→ **About this exercise**: Please output the section of the listing below that opens with the line containing "How can you" and closes with the line containing "One thing to", exactly and with nothing else.

→ **Data to process**:
# # # #
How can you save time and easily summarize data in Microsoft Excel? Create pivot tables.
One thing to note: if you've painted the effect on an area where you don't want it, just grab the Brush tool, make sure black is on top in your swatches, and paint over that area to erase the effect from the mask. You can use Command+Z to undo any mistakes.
# # # #
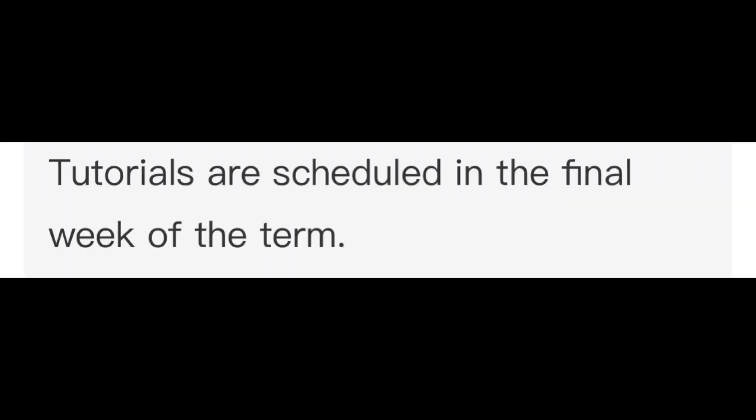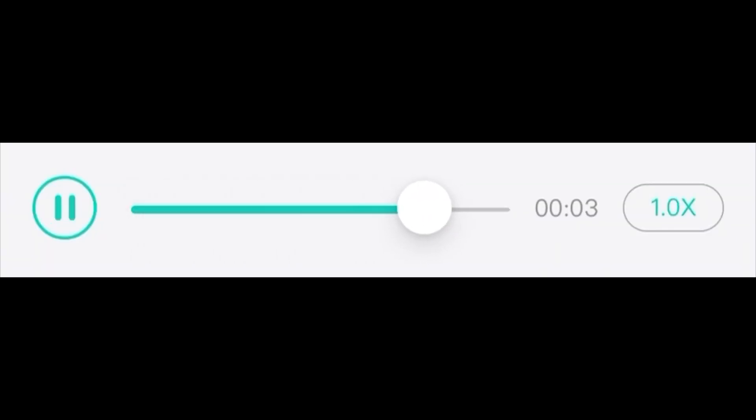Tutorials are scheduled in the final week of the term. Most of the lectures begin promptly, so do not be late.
# # # #
→ **Exercise result**:
How can you save time and easily summarize data in Microsoft Excel? Create pivot tables.
One thing to note: if you've painted the effect on an area where you don't want it, just grab the Brush tool, make sure black is on top in your swatches, and paint over that area to erase the effect from the mask. You can use Command+Z to undo any mistakes.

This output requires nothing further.